Remote calibration – What are the deal breakers and how to circumvent them?
We have all heard about the true importance of calibrating instruments. Manufacturers and end-users are constantly dependent on laboratories to help carry out the process of keeping all delicate instruments at par with the existing quality control standards. The entire process of calibration puts a huge dependency on laboratories, wherein industries can even be put to a standstill if the laboratories do not finish calibrating the instruments in time.
Imagine a scenario, where an industry has only two instruments of the same kind. While one is sent out for calibration the other is used. What would happen if the calibration process carried out by the laboratory takes longer and the instrument cannot be returned in time? The instrument in use would wear out and the entire industrial process could come to a standstill.
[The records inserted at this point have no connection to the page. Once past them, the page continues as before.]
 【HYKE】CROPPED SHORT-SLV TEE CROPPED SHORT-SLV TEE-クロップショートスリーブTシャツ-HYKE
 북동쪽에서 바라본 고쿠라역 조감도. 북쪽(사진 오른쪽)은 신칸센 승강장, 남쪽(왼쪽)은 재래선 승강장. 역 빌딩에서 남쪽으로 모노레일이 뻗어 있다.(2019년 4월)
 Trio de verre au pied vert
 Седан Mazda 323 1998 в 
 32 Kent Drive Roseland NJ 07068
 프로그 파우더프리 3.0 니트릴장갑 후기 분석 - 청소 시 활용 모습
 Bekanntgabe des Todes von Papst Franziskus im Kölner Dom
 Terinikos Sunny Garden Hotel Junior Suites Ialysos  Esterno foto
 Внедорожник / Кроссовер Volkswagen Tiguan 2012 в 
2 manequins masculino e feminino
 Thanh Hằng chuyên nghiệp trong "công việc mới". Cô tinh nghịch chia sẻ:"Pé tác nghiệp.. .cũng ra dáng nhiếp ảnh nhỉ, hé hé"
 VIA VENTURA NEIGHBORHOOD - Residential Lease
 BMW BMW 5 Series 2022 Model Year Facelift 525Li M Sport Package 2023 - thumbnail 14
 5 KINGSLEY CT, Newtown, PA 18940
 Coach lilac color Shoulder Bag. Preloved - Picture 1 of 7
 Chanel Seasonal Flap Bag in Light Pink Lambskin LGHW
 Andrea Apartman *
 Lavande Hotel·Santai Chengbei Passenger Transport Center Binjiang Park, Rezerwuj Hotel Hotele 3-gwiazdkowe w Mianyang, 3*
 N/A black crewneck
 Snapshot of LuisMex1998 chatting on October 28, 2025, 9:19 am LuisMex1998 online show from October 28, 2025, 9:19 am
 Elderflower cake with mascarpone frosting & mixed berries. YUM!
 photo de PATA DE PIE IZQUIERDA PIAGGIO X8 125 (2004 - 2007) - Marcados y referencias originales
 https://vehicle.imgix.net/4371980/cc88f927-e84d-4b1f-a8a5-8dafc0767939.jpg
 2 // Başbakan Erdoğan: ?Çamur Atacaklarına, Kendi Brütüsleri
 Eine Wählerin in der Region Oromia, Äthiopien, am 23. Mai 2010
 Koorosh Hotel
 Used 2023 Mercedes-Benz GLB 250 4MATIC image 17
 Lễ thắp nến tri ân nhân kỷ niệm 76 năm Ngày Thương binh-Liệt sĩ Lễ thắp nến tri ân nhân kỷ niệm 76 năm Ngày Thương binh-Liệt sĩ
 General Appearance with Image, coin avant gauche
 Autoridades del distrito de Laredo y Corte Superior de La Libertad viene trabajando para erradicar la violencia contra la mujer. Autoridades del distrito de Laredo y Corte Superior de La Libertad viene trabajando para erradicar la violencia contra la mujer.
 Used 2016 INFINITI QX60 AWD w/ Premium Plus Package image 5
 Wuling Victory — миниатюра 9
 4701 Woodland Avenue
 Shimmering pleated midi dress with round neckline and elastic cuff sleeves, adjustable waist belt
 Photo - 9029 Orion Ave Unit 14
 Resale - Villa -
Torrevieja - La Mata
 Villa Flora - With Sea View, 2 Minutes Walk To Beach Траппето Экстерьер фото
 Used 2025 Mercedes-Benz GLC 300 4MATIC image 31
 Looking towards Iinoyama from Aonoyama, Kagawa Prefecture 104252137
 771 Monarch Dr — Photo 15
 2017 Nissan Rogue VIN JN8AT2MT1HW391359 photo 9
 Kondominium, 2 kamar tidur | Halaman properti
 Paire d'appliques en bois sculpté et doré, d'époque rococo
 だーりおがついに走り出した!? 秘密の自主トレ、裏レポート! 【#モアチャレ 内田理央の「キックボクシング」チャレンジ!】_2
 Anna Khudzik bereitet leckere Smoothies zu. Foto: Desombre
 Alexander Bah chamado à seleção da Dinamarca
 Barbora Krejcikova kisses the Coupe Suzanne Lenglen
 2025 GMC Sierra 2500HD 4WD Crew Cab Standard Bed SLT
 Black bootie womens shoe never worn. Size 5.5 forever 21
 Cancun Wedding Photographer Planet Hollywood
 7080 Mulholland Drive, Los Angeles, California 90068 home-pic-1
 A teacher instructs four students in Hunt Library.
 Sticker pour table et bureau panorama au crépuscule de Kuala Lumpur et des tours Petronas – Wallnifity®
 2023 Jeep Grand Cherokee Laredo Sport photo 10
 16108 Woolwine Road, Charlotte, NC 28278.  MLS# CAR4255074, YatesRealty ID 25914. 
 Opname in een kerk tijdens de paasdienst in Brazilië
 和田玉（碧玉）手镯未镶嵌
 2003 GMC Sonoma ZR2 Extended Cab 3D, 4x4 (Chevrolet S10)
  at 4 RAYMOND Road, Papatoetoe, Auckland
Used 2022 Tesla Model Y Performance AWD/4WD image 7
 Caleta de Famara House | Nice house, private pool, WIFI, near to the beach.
Such issues put forth the idea of a possibility of remote calibration. Remote calibration is defined as the process of calibrating an instrument on-site instead of sending it to a calibration laboratory with the help of a standard communication bus interface on the instrument. This process has many advantages with saving time and money topping the list. Imagine the time that could be saved from sending the equipment to the lab and waiting while it is being calibrated?
So, how does it work?
Remote calibration is carried out with the help of a client service architecture, where the DUT (instrument to be calibrated) and the calibrating device are situated in the same location and connected to the client network. The client system receives commands from the server run by the calibration laboratories which is sent to the devices through the preferred interface. It scans the instrument reading and transmits it to the server over an active Internet connection. All operations required to prepare the calibration certificate are performed by the server.
So, why is it that this possibility has not been exploited yet? What could be the possible remote calibration challenges?
There is a huge subset of legality issues associated with remote calibration. As we discussed before to carry out this process, we would require open communication channels with the instrument, and this poses huge risks. It makes it easier to hack and can question the entire accuracy of the process.
2. Lack of accessible, affordable communication technology
Even with huge developments in IoT, a huge number of instruments that require calibration are small. The entire cost of calibration itself is sometimes costlier than the instruments themselves. The majority of existing instruments do not facilitate built-in hardware enabled for communication, which makes the remote calibration process harder to implement.
Now, let us talk about the existing ideas to incorporate a simple remote calibration methodology. A paper published on a generic environment for internet calibrated environment discusses a simple architecture with which remote calibration is deemed successful and addresses various ways in which security of the entire process is maintained. The paper puts forth security protocols to be maintained between the laboratory and the manufacturer which in turn circumvents the problem of safety in both software and hardware.
Even with the current limitations posed in calibrating from a distance, it is an avenue that has huge growth potential and will soon overtake the field leading to easier mechanisms that can even address the problem of dearth of skilled employment in this field.
An industry that is rapidly evolving and calibrating from a distance is now not so far away!